Si el marco institucional y la cultura política de los españoles no incentivan a los partidos a asumir riesgos, tampoco deberíamos esperar que los cambios en la elección de líderes y candidatos vengan ocasionados por una presión creciente y decisiva de sus propios afiliados. Como han demostradoalgunos trabajos recientes, el impulso de la democracia interna suelen reivindicarlo los sectores menos implicados en la vida de la organización, los más críticos con los líderes y los que llevan menos tiempo en el partido. Es decir, precisamente aquellos que menos influencia pueden ejercer sobre las reglas internas. Al contrario, a medida que los miembros dedican más tiempo a la vida de estas organizaciones, a medida que aumenta su experiencia y disminuye el potencial de voz crítica (por pragmatismo, por resignación), su talante se vuelve más adaptativo y menos exigente. Aquellos que no asumen la lealtad interna a los partidos, suelen preferir el abandono o la desmovilización antes que la reclamación organizada por cambiar el partido desde dentro.

En la línea de la preocupación por las reformas institucionales que mejoren nuestra democracia, planteamos abiertamente el debate sobre si debemos resignarnos a que los partidos sigan resistiéndose a reformar sus normas internas de funcionamiento. La ley de partidos de 2002 sirvió para ilegalizar a Batasuna, pero no tenemos claro que sirva para auspiciar una mejora en el funcionamiento de los partidos como actores clave de nuestra democracia. Ni siquiera es capaz de propiciar que los casos de corrupción en los partidos se penalicen con la misma contundencia que, por ejemplo, el impago de una hipoteca por parte de una familia modesta. Dado que los partidos hoy pueden ser considerados entidades de utilidad pública, deberíamos empezar a considerar si pueden seguir disfrutando de la abundante financiación pública que obtienen con nuestros impuestos sin que los ciudadanos podamos exigir, a cambio, mayor transparencia y permeabilidad en su funcionamiento. Ahí radica, a nuestro entender, el verdadero trasfondo del debate sobre primarias.

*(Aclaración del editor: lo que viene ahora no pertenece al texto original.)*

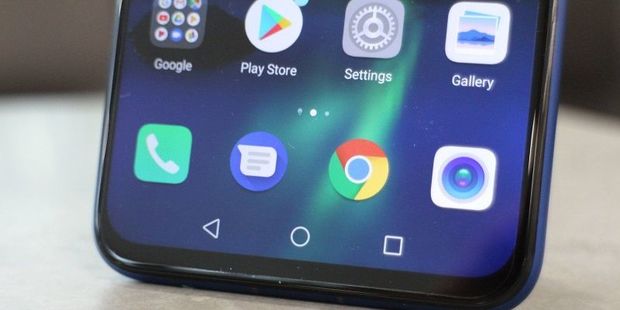 “Huawei” smartfonları “Android”lə işləməyə davam edəcək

Con todo, la debacle electoral del PSOE debería ser un estímulo decisivo para que los socialistas pierdan el miedo a mayores reformas internas. Al igual que ha sucedido en otros partidos europeos, la actual situación de crisis le brinda una oportunidad sin precedentes para abrir una nueva etapa en la vida política española. Las primarias no son de izquierdas, pero hoy la izquierda española está en disposición de hacer de las primarias una de sus banderas para la renovación política. Las primarias no significan necesariamente renovación de las elites, pero a través de las primarias puede resultar más plausible la circulación interna de los dirigentes y la incorporación de nuevos miembros. Y sobre todo, las primarias no aseguran la victoria electoral en ningún caso. Pero difícilmente un partido abandonado por sus bases sociales hoy volverá a recuperar la confianza de los ciudadanos si rechaza dar a sus afiliados y simpatizantes mayor voz en los asuntos del partido. Y eso significa, sí a las primarias. Pero no sólo.